• [WHAT TO DO]: The answer must be one number: how many lines of the records contain "standing".

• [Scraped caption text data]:
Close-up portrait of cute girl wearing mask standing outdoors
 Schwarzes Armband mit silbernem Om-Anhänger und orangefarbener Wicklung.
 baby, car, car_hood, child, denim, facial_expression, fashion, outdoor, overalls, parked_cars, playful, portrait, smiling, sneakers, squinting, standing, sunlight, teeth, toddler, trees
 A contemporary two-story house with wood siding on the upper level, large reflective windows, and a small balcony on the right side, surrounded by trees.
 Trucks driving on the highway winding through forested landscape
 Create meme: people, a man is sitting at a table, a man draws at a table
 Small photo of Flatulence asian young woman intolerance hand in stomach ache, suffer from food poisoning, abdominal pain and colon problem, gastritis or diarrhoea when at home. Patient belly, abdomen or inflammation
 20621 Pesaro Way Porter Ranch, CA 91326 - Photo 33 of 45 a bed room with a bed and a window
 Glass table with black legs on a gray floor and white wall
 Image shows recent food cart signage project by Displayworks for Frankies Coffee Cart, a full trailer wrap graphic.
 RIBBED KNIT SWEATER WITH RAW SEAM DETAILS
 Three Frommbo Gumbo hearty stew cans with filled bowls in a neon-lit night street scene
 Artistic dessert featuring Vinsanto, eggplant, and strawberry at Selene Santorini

• [RESPONSE]: 2